Alexandra vit son ami happé par un autre monde, un monde plus vaste qu’elle ne pourrait
jamais l’imaginer et où il n’y aurait nulle place pour elle. Rudolf Noureev était né à son
destin.
Le public, debout, applaudit à tout rompre, saluant une représentation inoubliable du
phénomène : NOUREEV. Après d’innombrables rappels avec sa partenaire, Margot Fonteyn,
et le corps de ballet, le danseur se tient seul, immobile au centre de la scène, au milieu de
fleurs, un bras tendu vers le public. D’un lent mouvement du bras et du torse, il balaie tout le
théâtre pour s’incliner devant la foule qui l’acclame. Il a l’air épuisé et heureux. Il exprime
toute sa fierté et sa gratitude devant cet hommage à sa danse. La scène se passe à l’Opéra de
Paris, à Covent Garden, au Met, à l’Opéra de Vienne, à la Scala…
Le chemin entre ces deux scènes fut long et ardu. Naître dans le Transsibérien un an avant
l’éclatement de la Deuxième Guerre Mondiale est certes une manière originale de faire son
apparition dans le monde. Toute la vie de Noureev sera un mélange de contrastes,
d’opportunités incroyables et de tragédie profonde, caractérisé par une lutte constante.
Noureev est devenu synonyme de danse dans le monde entier. Il est devenu LE danseur, LE
grand danseur, LE plus grand danseur du XXème siècle. Son nom évoque célébrité, liberté,
succès, audace, scandale, passion. Des gens sont devenus danseurs, chorégraphes,
photographes, décorateurs, écrivains à cause de lui. Sa danse a illuminé le quotidien de
milliers de personnes ; il a donné force et détermination à toute personne poursuivant un rêve.
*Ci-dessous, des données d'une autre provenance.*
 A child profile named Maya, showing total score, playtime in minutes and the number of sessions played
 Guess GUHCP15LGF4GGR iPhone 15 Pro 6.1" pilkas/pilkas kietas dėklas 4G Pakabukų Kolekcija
Noureev était doté d’une volonté de fer et totalement dévoué à son art. Il est devenu le
danseur le mieux payé au monde, il a vulgarisé la danse classique, il est devenu la rock-star du
ballet, il a modifié la danse masculine dans les ballets classiques faisant du danseur l’égal de
la ballerine. Il a créé une nouvelle approche du ballet, gommant les différences entre danse
classique et danse contemporaine. Il a voulu danser tous les styles : il a demandé à Maurice
Béjart, Murray Louis, Paul Taylor, George Balanchine, Roland Petit, Kenneth MacMillan,
Frederick Ashton, Martha Graham, Rudi Van Dantzig et bien d’autres chorégraphes encore de
créer des oeuvres pour lui. Aucun autre danseur n’eut autant de partenaires. Pendant près de
trois décennies, il a dansé et remonté tout le répertoire Petipa, créé de nouveaux ballets, filmé
plusieurs de ses productions, dansant 250 représentations par an en moyenne, couvrant les
quatre coins du globe par des tournées avec pas moins de 30 compagnies et son groupe
« Noureev and friends » jusqu’en 1991. Même la maladie n’a pas fléchi ce rythme surhumain.
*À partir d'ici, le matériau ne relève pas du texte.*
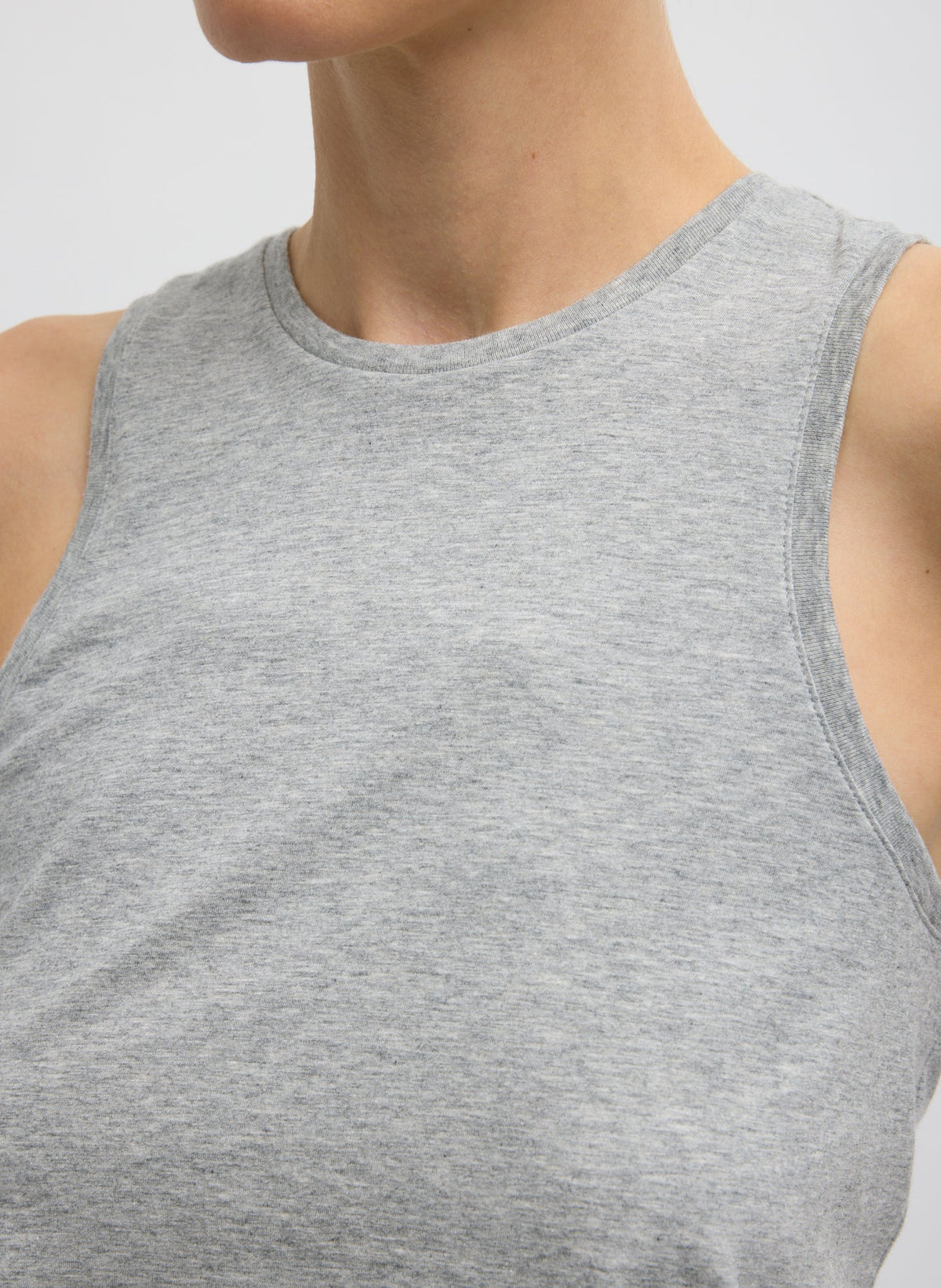 Tibi Heather Grey Shirred Back Tank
2013 marque le 20ème anniversaire de sa mort. C’est le moment de réfléchir à la personnalité
et à la carrière de cet artiste d’exception. Il est impossible de décrire en quelques pages
l’ensemble de sa vie hyperactive. Comment Rudik, le petit garçon d’Oufa, est-il devenu
Noureev, le danseur de légende ?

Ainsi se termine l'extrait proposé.